◆ **ACTIVITY**
What is needed here is an exact copy of every record below.

◆ **MATERIAL FOR THIS TASK**
*** Block opens ***

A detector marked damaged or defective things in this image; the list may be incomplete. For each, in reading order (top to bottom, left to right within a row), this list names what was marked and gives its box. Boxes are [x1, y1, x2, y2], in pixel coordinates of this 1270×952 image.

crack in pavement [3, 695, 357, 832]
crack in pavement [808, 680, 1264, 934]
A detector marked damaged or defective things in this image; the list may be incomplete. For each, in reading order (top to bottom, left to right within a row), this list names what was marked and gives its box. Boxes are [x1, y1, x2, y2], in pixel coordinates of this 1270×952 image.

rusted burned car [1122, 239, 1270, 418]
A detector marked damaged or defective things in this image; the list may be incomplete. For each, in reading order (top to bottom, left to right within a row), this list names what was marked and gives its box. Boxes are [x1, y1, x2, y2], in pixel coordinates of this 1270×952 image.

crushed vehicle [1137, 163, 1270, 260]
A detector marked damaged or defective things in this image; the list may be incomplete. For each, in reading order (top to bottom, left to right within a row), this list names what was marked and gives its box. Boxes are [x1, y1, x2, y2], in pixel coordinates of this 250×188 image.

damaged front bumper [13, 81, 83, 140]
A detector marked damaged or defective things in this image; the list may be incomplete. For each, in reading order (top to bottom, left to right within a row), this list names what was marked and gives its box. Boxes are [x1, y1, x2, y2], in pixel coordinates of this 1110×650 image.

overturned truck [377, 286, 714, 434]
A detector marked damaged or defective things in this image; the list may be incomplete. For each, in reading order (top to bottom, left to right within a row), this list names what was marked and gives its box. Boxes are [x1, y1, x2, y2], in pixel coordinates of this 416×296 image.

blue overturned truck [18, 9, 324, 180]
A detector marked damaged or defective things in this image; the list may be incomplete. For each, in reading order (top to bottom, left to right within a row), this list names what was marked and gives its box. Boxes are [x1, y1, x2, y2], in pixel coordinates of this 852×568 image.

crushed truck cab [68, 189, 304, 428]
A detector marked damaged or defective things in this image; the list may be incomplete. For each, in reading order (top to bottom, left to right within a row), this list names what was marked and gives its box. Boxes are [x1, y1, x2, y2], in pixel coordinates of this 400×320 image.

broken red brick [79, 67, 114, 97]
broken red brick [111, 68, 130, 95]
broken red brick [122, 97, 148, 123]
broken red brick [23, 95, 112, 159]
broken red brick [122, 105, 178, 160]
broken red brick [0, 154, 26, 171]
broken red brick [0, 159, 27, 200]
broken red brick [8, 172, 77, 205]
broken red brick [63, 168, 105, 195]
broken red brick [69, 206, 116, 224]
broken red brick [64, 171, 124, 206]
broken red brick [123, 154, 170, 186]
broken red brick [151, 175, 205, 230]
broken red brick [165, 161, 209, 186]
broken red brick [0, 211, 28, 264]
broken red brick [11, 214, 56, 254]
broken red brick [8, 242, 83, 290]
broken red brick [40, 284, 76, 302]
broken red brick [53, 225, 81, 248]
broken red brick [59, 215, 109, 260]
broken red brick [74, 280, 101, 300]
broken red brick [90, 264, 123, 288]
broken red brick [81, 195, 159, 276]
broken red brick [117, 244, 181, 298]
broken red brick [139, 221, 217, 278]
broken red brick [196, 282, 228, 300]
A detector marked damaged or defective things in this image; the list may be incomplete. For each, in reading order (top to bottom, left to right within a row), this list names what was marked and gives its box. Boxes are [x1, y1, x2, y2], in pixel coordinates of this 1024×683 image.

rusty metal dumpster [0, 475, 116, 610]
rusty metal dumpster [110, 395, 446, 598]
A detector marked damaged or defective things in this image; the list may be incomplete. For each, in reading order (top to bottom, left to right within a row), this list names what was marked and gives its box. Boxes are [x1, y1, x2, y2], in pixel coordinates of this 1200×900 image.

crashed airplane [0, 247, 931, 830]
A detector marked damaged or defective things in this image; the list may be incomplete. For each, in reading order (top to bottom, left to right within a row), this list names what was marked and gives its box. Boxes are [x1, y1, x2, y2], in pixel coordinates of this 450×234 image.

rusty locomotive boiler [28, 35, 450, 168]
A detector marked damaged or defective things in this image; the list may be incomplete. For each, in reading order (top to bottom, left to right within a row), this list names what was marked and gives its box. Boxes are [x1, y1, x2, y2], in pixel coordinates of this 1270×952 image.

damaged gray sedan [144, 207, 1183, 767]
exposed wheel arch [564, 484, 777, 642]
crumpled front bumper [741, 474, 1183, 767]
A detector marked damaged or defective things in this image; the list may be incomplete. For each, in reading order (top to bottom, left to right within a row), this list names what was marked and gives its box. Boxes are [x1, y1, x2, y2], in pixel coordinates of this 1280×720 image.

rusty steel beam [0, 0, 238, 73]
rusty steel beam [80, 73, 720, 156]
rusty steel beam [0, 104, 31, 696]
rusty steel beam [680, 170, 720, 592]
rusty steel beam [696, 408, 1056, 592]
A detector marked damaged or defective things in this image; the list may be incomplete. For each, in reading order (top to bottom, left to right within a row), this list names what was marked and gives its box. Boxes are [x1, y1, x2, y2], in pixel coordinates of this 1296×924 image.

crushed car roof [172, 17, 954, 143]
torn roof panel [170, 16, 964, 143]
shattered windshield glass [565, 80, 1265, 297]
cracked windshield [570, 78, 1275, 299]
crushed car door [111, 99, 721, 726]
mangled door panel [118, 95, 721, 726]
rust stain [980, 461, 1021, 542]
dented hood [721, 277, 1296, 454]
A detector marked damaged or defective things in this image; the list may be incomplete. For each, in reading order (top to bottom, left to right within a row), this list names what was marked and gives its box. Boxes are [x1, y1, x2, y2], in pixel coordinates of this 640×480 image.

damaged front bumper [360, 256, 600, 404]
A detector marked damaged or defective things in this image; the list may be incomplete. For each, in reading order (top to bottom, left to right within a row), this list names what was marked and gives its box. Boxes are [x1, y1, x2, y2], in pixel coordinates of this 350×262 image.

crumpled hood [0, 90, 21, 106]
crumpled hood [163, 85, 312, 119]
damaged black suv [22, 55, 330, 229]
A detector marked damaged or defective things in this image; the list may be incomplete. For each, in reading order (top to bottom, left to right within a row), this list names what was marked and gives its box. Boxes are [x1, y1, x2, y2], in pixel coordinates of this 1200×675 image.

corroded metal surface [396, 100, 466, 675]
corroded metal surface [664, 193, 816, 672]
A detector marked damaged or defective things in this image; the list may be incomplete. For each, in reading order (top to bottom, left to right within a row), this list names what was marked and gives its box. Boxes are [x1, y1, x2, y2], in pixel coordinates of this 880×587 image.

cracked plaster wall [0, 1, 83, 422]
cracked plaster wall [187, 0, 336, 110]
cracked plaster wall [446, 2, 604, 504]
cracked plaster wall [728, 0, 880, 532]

*** Block closes ***

◆ **REPLY TO THE EXERCISE**
A detector marked damaged or defective things in this image; the list may be incomplete. For each, in reading order (top to bottom, left to right within a row), this list names what was marked and gives its box. Boxes are [x1, y1, x2, y2], in pixel coordinates of this 1270×952 image.

crack in pavement [3, 695, 357, 832]
crack in pavement [808, 680, 1264, 934]
A detector marked damaged or defective things in this image; the list may be incomplete. For each, in reading order (top to bottom, left to right within a row), this list names what was marked and gives its box. Boxes are [x1, y1, x2, y2], in pixel coordinates of this 1270×952 image.

rusted burned car [1122, 239, 1270, 418]
A detector marked damaged or defective things in this image; the list may be incomplete. For each, in reading order (top to bottom, left to right within a row), this list names what was marked and gives its box. Boxes are [x1, y1, x2, y2], in pixel coordinates of this 1270×952 image.

crushed vehicle [1137, 163, 1270, 260]
A detector marked damaged or defective things in this image; the list may be incomplete. For each, in reading order (top to bottom, left to right within a row), this list names what was marked and gives its box. Boxes are [x1, y1, x2, y2], in pixel coordinates of this 250×188 image.

damaged front bumper [13, 81, 83, 140]
A detector marked damaged or defective things in this image; the list may be incomplete. For each, in reading order (top to bottom, left to right within a row), this list names what was marked and gives its box. Boxes are [x1, y1, x2, y2], in pixel coordinates of this 1110×650 image.

overturned truck [377, 286, 714, 434]
A detector marked damaged or defective things in this image; the list may be incomplete. For each, in reading order (top to bottom, left to right within a row), this list names what was marked and gives its box. Boxes are [x1, y1, x2, y2], in pixel coordinates of this 416×296 image.

blue overturned truck [18, 9, 324, 180]
A detector marked damaged or defective things in this image; the list may be incomplete. For each, in reading order (top to bottom, left to right within a row), this list names what was marked and gives its box. Boxes are [x1, y1, x2, y2], in pixel coordinates of this 852×568 image.

crushed truck cab [68, 189, 304, 428]
A detector marked damaged or defective things in this image; the list may be incomplete. For each, in reading order (top to bottom, left to right within a row), this list names what was marked and gives its box. Boxes are [x1, y1, x2, y2], in pixel coordinates of this 400×320 image.

broken red brick [79, 67, 114, 97]
broken red brick [111, 68, 130, 95]
broken red brick [122, 97, 148, 123]
broken red brick [23, 95, 112, 159]
broken red brick [122, 105, 178, 160]
broken red brick [0, 154, 26, 171]
broken red brick [0, 159, 27, 200]
broken red brick [8, 172, 77, 205]
broken red brick [63, 168, 105, 195]
broken red brick [69, 206, 116, 224]
broken red brick [64, 171, 124, 206]
broken red brick [123, 154, 170, 186]
broken red brick [151, 175, 205, 230]
broken red brick [165, 161, 209, 186]
broken red brick [0, 211, 28, 264]
broken red brick [11, 214, 56, 254]
broken red brick [8, 242, 83, 290]
broken red brick [40, 284, 76, 302]
broken red brick [53, 225, 81, 248]
broken red brick [59, 215, 109, 260]
broken red brick [74, 280, 101, 300]
broken red brick [90, 264, 123, 288]
broken red brick [81, 195, 159, 276]
broken red brick [117, 244, 181, 298]
broken red brick [139, 221, 217, 278]
broken red brick [196, 282, 228, 300]
A detector marked damaged or defective things in this image; the list may be incomplete. For each, in reading order (top to bottom, left to right within a row), this list names what was marked and gives its box. Boxes are [x1, y1, x2, y2], in pixel coordinates of this 1024×683 image.

rusty metal dumpster [0, 475, 116, 610]
rusty metal dumpster [110, 395, 446, 598]
A detector marked damaged or defective things in this image; the list may be incomplete. For each, in reading order (top to bottom, left to right within a row), this list names what was marked and gives its box. Boxes are [x1, y1, x2, y2], in pixel coordinates of this 1200×900 image.

crashed airplane [0, 247, 931, 830]
A detector marked damaged or defective things in this image; the list may be incomplete. For each, in reading order (top to bottom, left to right within a row), this list names what was marked and gives its box. Boxes are [x1, y1, x2, y2], in pixel coordinates of this 450×234 image.

rusty locomotive boiler [28, 35, 450, 168]
A detector marked damaged or defective things in this image; the list may be incomplete. For each, in reading order (top to bottom, left to right within a row), this list names what was marked and gives its box. Boxes are [x1, y1, x2, y2], in pixel coordinates of this 1270×952 image.

damaged gray sedan [144, 207, 1183, 767]
exposed wheel arch [564, 484, 777, 642]
crumpled front bumper [741, 474, 1183, 767]
A detector marked damaged or defective things in this image; the list may be incomplete. For each, in reading order (top to bottom, left to right within a row), this list names what was marked and gives its box. Boxes are [x1, y1, x2, y2], in pixel coordinates of this 1280×720 image.

rusty steel beam [0, 0, 238, 73]
rusty steel beam [80, 73, 720, 156]
rusty steel beam [0, 104, 31, 696]
rusty steel beam [680, 170, 720, 592]
rusty steel beam [696, 408, 1056, 592]
A detector marked damaged or defective things in this image; the list may be incomplete. For each, in reading order (top to bottom, left to right within a row), this list names what was marked and gives its box. Boxes are [x1, y1, x2, y2], in pixel coordinates of this 1296×924 image.

crushed car roof [172, 17, 954, 143]
torn roof panel [170, 16, 964, 143]
shattered windshield glass [565, 80, 1265, 297]
cracked windshield [570, 78, 1275, 299]
crushed car door [111, 99, 721, 726]
mangled door panel [118, 95, 721, 726]
rust stain [980, 461, 1021, 542]
dented hood [721, 277, 1296, 454]
A detector marked damaged or defective things in this image; the list may be incomplete. For each, in reading order (top to bottom, left to right within a row), this list names what was marked and gives its box. Boxes are [x1, y1, x2, y2], in pixel coordinates of this 640×480 image.

damaged front bumper [360, 256, 600, 404]
A detector marked damaged or defective things in this image; the list may be incomplete. For each, in reading order (top to bottom, left to right within a row), this list names what was marked and gives its box. Boxes are [x1, y1, x2, y2], in pixel coordinates of this 350×262 image.

crumpled hood [0, 90, 21, 106]
crumpled hood [163, 85, 312, 119]
damaged black suv [22, 55, 330, 229]
A detector marked damaged or defective things in this image; the list may be incomplete. For each, in reading order (top to bottom, left to right within a row), this list names what was marked and gives its box. Boxes are [x1, y1, x2, y2], in pixel coordinates of this 1200×675 image.

corroded metal surface [396, 100, 466, 675]
corroded metal surface [664, 193, 816, 672]
A detector marked damaged or defective things in this image; the list may be incomplete. For each, in reading order (top to bottom, left to right within a row), this list names what was marked and gives its box. Boxes are [x1, y1, x2, y2], in pixel coordinates of this 880×587 image.

cracked plaster wall [0, 1, 83, 422]
cracked plaster wall [187, 0, 336, 110]
cracked plaster wall [446, 2, 604, 504]
cracked plaster wall [728, 0, 880, 532]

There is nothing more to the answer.